Rumsfeld ignored calls to step down and the chaos of war intensified. Operations like the invasion of Fallujah reduced entire cities literally to dirt, and several documented instances of the US military using white phosphorous, despite its recognition as a war crime, became known. No one is claiming Saddam Hussein was a good person or just ruler. But if you want to call him a terrorist, what does that make George W. Bush, Dick Cheney, and Donald Rumsfeld, who for the rest of their years will be responsible for countless more deaths than the Iraqi strongman ever was?


It’s become popular amongst those seeking to explain their defense of the Iraq War years later that they at the time both believed the fake WMD intel and had no knowledge of the numerous atrocities being sanctioned by our government. But this is utter nonsense, as there was plenty of independent journalism chronicling all the inconsistencies in the stories being peddled by the Judith Millers of the world in such esteemed mainstream outlets like the New York Times. And the vicious war crimes being utilized by the Bush admin weren’t even swept under the rug, but rather written off as a necessary step if we were to confront this terrorist threat head on. The public was well aware of the horrors taking place in the illegal Guantanamo Bay prison, but during the early 2000s a majority of Americans would probably be proud to tell you it was worth it. Even media pieces that weren’t explicitly pro-military propaganda like the Oscar-winning 2012 movie Zero Dark Thirty still portrayed the brutality of torture getting results and aiding in the capture of Bin Laden, despite there being much evidence to suggest that all the horrific acts committed by our military rarely led to much of anything. Torture is an abhorrent crime and one that’s not even particularly productive.
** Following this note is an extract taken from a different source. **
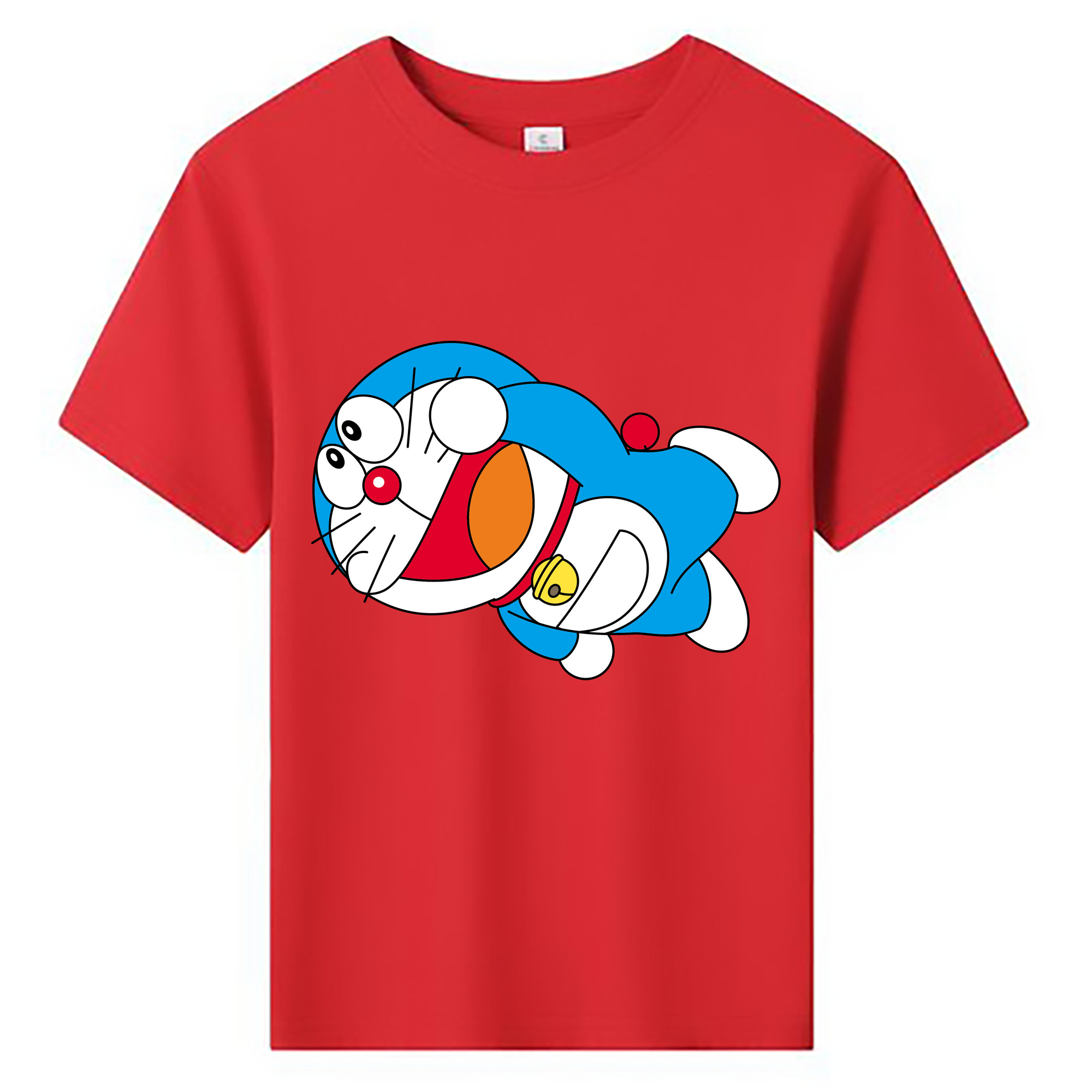 （画像用） ドラえもん Doraemon 綿100％キッズTシャツ（フロントプリント）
The CIA and FBI continued to stoke the flames of anti-Muslim furor, carrying out countless entrapment operations that mostly boiled down to tricking intellectually disabled Muslim-Americans into saying they were terrorists, and then whisking them off to secret prisons sans trial. Then-NYC Mayor Mike Bloomberg unleashed the stop-and-frisk policy onto the city, allowing his ultramiliterized NYPD force to harass black and brown New Yorkers at will without any consequences. The media, ever chasing for a sensational story, was happy to play along with hyping up any perceived threats to keep the idea that terrorists were always a second away from another attack at the minds of Americans.


Perhaps what has led to such a deep fracture in the fabric of American society is the fact that no one involved with these atrocities was ever made to reckon with their failures or face responsibility for their crimes. Barack Obama managed to ride a growing opposition to the Iraq conflict to a 2008 presidential victory, slamming rival Hillary Clinton for her past support during her time as a senator from New York. But upon election he instead elevated the war to previously unthinkable levels, instituting the “Troop Surge” policy and unleashing a wave of drone strikes that allowed the US to now wrack death and destruction on the world with the click of a button.

And all of the main Iraq War architects remain free men to this day. George Bush’s reputation was sanitized in the wake of the Trump presidency, as the former war criminal now spends his time canoodling with Ellen DeGeneres and Michelle Obama instead of facing his crimes at the Hague. Dick Cheney and Donald Rumsfeld more or less retired from the public view, but calls to prosecute their numerous crimes fell on deaf ears. Colin Powell up until his death retained a bizarre level of bipartisan respect as some emblem of the good conservative and dutifully honorable soldier. Others like John Bolton and Paul Wolfowitz stayed active in Republican policy circles, several getting recycled back into roles during the Trump admin. Support for the war on terror eventually ran dry, but the country simply moved on without closure.


Much has been made about where exactly our 45th president Donald J. Trump stands in all of this. Despite more or less spending his four years in office rubber-stamping anything the Federalist Society shoved in his face, it is true that Trump ran an oddly semi-anti-war primary campaign, blasting the more traditional conservatives who had been serving in government for years for the disaster that was the Iraq war. Now obviously Trump never held any rigid ideologies on much of anything (or really ideologies at all) and this line of attack had more to do with him being a contrarian and finding an easy weak point than holding any strong beliefs, but it was as consistent a position as Trump ever managed to take on anything.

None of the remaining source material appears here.